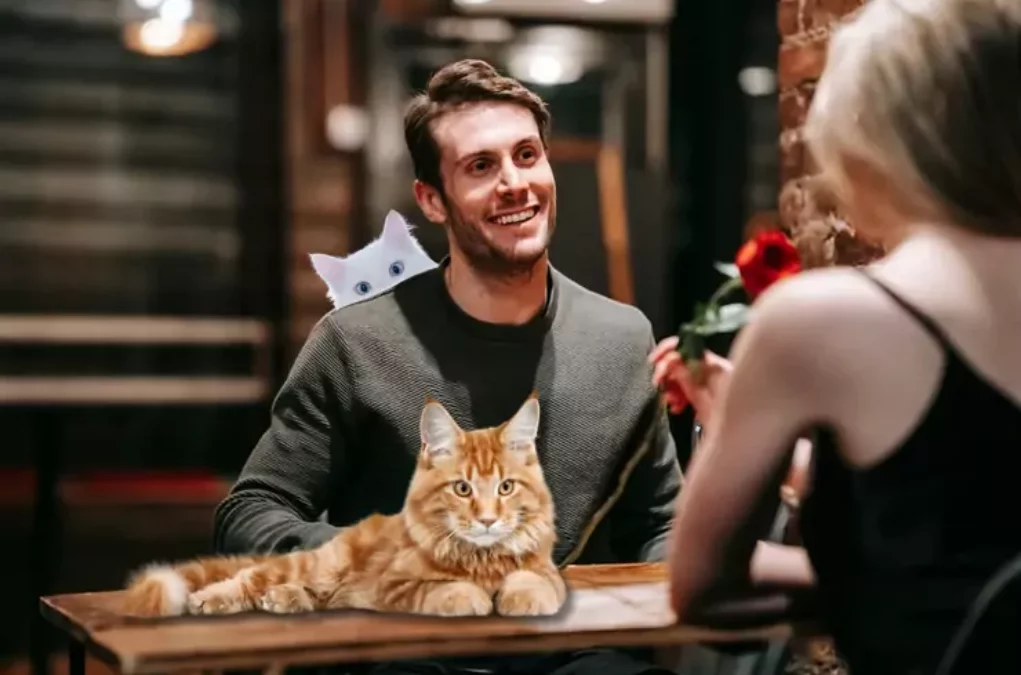 Das Bild auf 5min.at zeigt zwei Personen beim Dating mit Katzen.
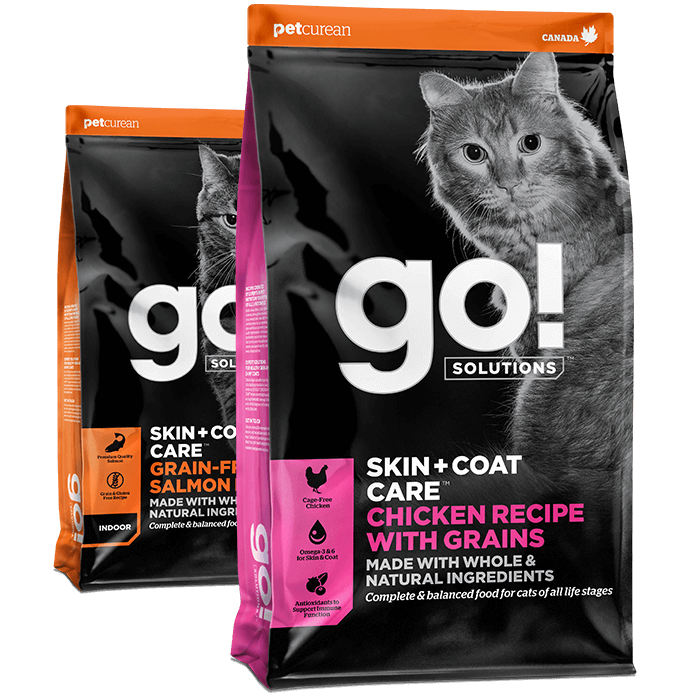 Go! Solutions Skin + Coat Care dry food recipes for cats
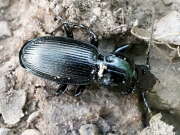 Thumbnail 397056 A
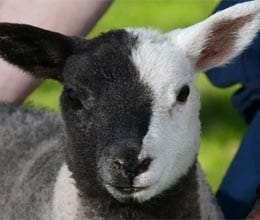 meet battenburg black and white sheep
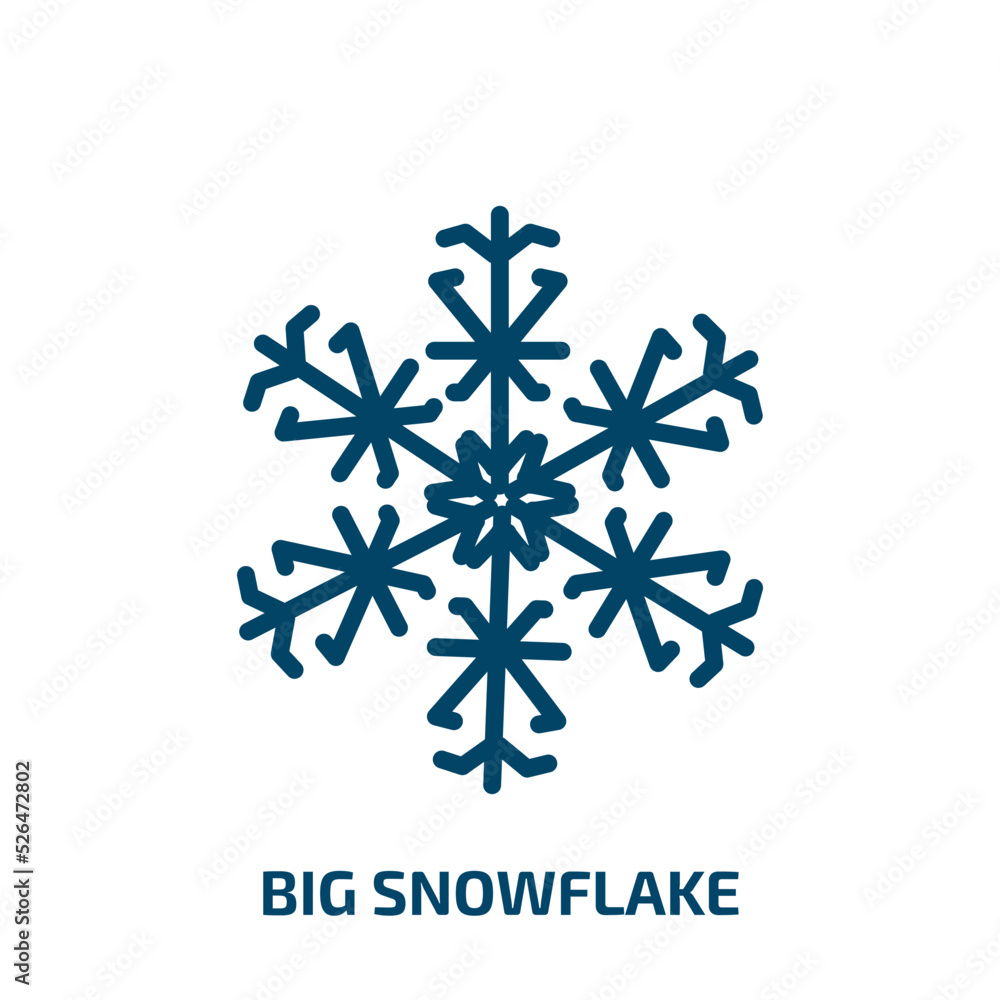 Poster big snowflake icon from nature collection. thin linear big snowflake, snowflake, snow outline icon i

▶ What you will do: Copy every record exactly, dropping the images.

▶ Response to this exercise:
 Das Bild auf 5min.at zeigt zwei Personen beim Dating mit Katzen.
 Go! Solutions Skin + Coat Care dry food recipes for cats
 Thumbnail 397056 A
 meet battenburg black and white sheep
 Poster big snowflake icon from nature collection. thin linear big snowflake, snowflake, snow outline icon i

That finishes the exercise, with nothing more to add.